--- What to produce ---
Transcribe nothing but the lines from the one with "В Карпатах автомобиль" to the end of the entries, both included, keeping each exact and leaving every picture out.

(Records excerpted from a collection)
____________

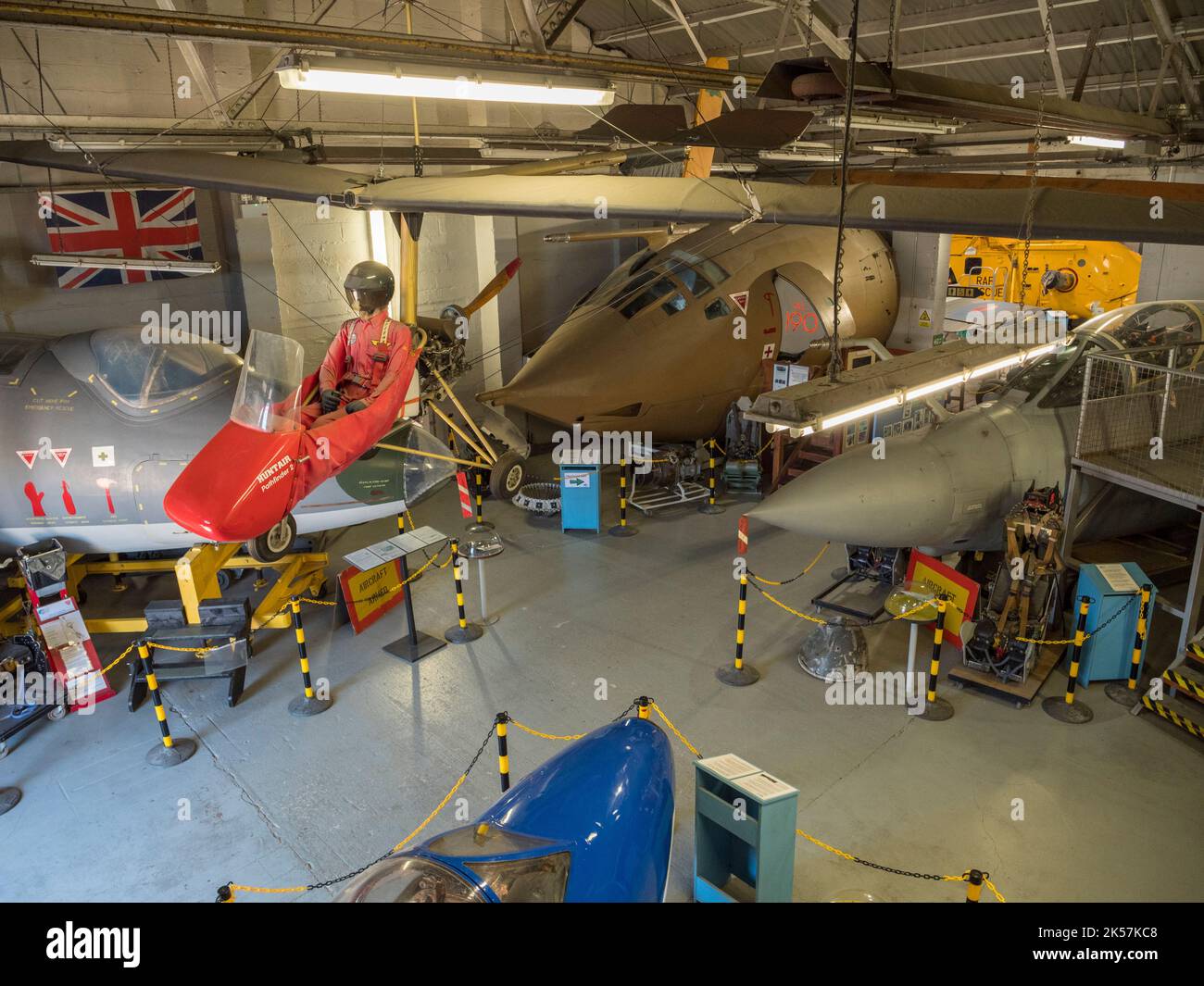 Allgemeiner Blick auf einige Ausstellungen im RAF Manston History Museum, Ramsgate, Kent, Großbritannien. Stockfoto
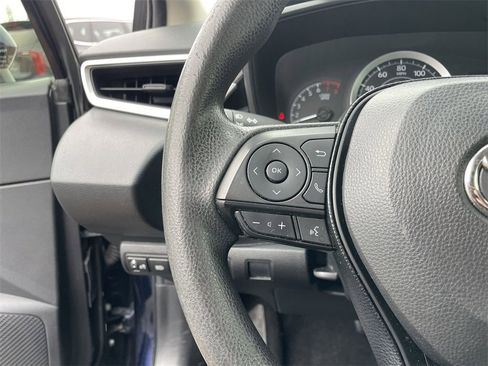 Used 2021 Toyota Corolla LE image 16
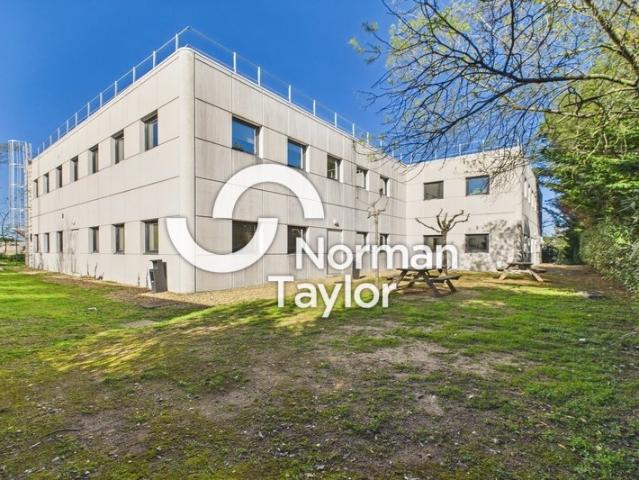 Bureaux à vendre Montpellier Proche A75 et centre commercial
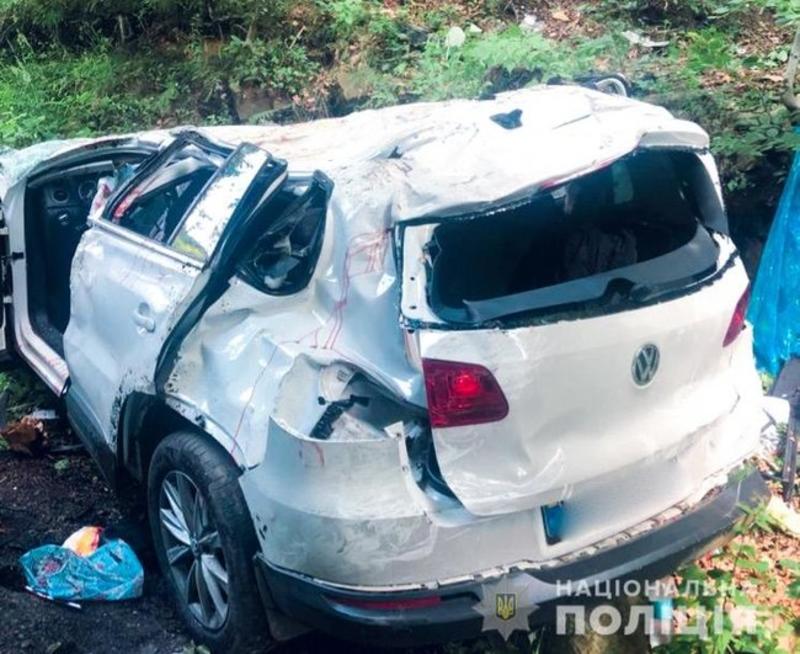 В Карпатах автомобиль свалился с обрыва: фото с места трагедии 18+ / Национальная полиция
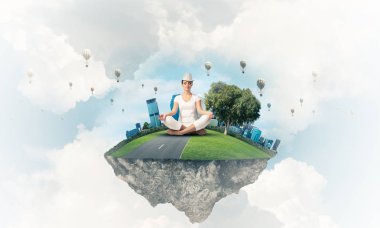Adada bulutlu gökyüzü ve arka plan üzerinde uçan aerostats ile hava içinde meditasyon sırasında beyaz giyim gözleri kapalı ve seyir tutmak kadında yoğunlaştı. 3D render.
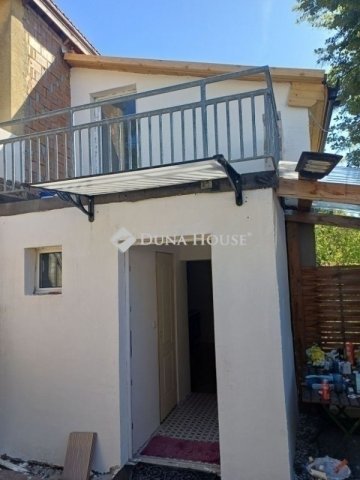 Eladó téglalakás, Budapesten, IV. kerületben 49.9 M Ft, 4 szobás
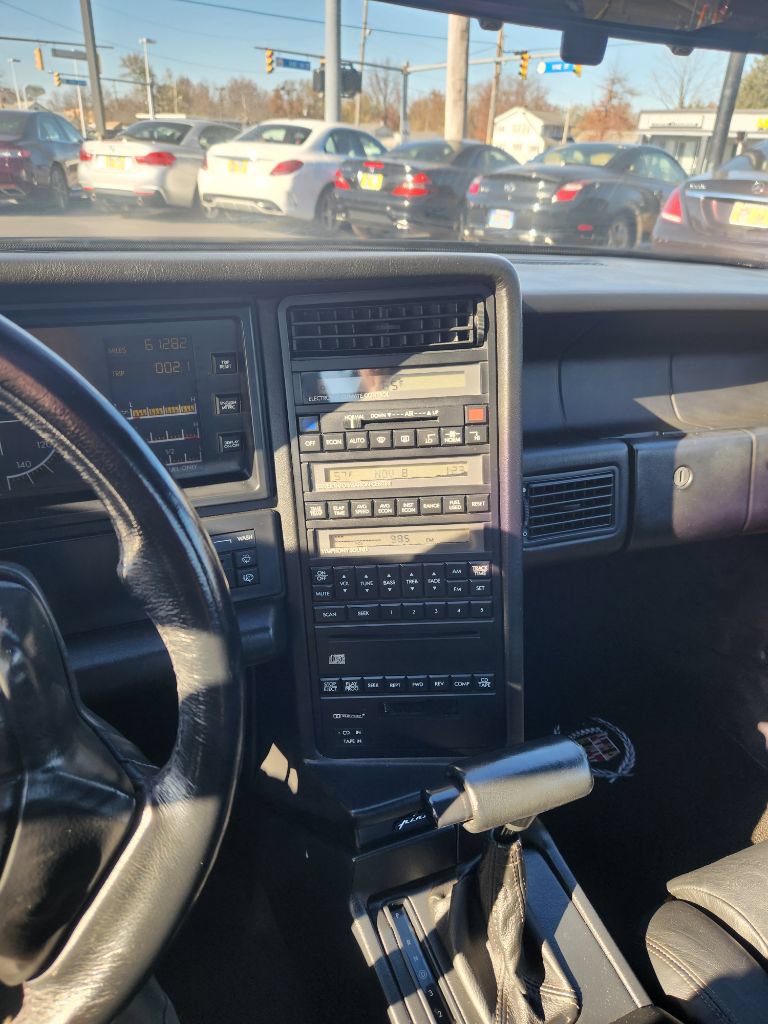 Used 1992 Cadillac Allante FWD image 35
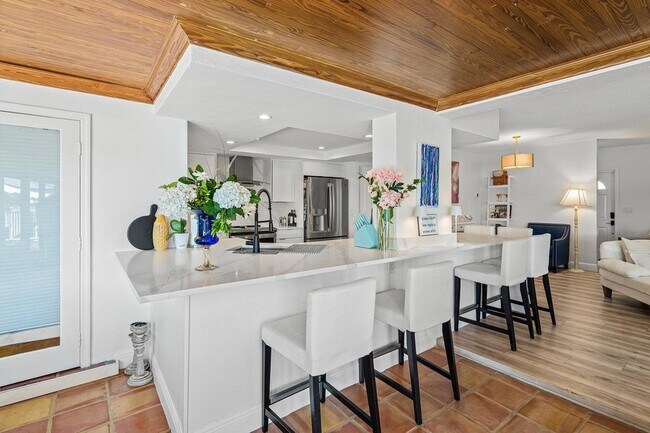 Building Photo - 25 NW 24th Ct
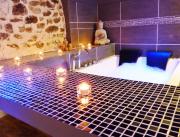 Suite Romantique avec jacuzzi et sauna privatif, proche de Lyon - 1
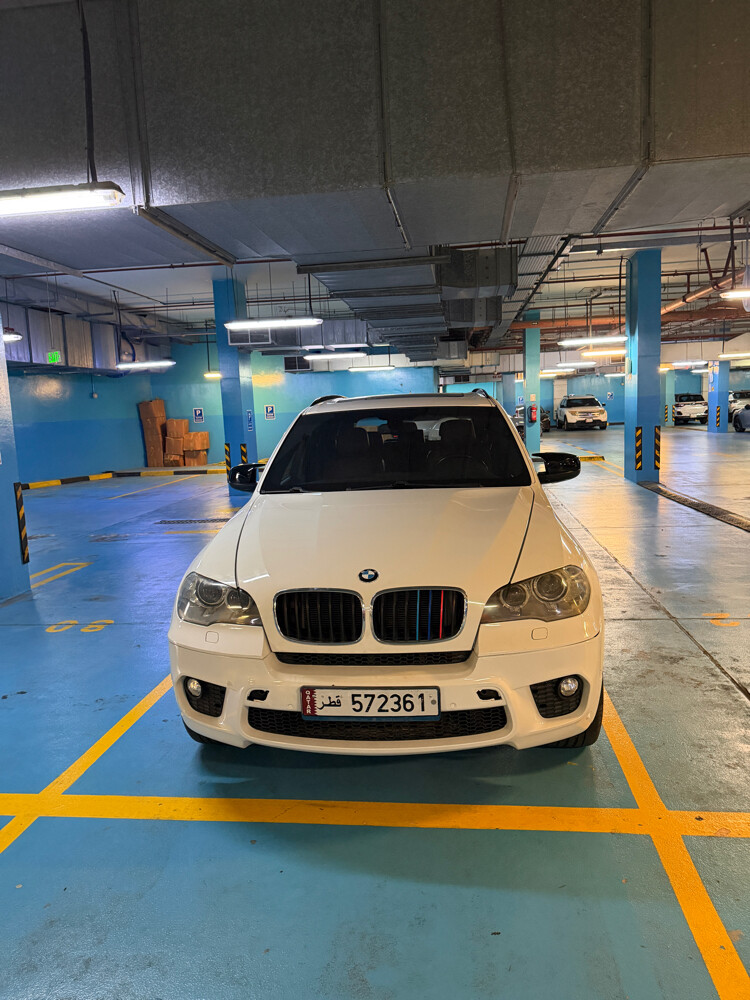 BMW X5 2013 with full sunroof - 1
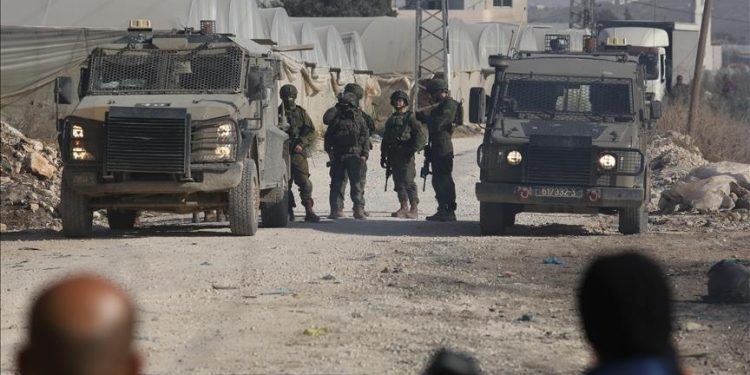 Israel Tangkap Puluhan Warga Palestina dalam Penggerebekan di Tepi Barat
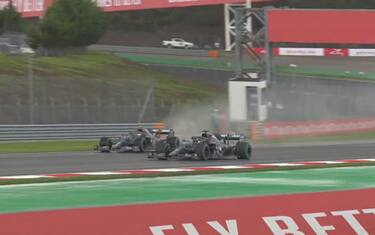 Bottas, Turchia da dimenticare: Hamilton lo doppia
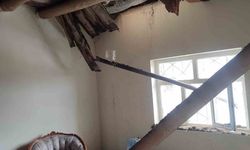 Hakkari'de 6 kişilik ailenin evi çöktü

____________

--- Task response ---
 В Карпатах автомобиль свалился с обрыва: фото с места трагедии 18+ / Национальная полиция
Adada bulutlu gökyüzü ve arka plan üzerinde uçan aerostats ile hava içinde meditasyon sırasında beyaz giyim gözleri kapalı ve seyir tutmak kadında yoğunlaştı. 3D render.
 Eladó téglalakás, Budapesten, IV. kerületben 49.9 M Ft, 4 szobás
 Used 1992 Cadillac Allante FWD image 35
 Building Photo - 25 NW 24th Ct
 Suite Romantique avec jacuzzi et sauna privatif, proche de Lyon - 1
 BMW X5 2013 with full sunroof - 1
 Israel Tangkap Puluhan Warga Palestina dalam Penggerebekan di Tepi Barat
 Bottas, Turchia da dimenticare: Hamilton lo doppia
 Hakkari'de 6 kişilik ailenin evi çöktü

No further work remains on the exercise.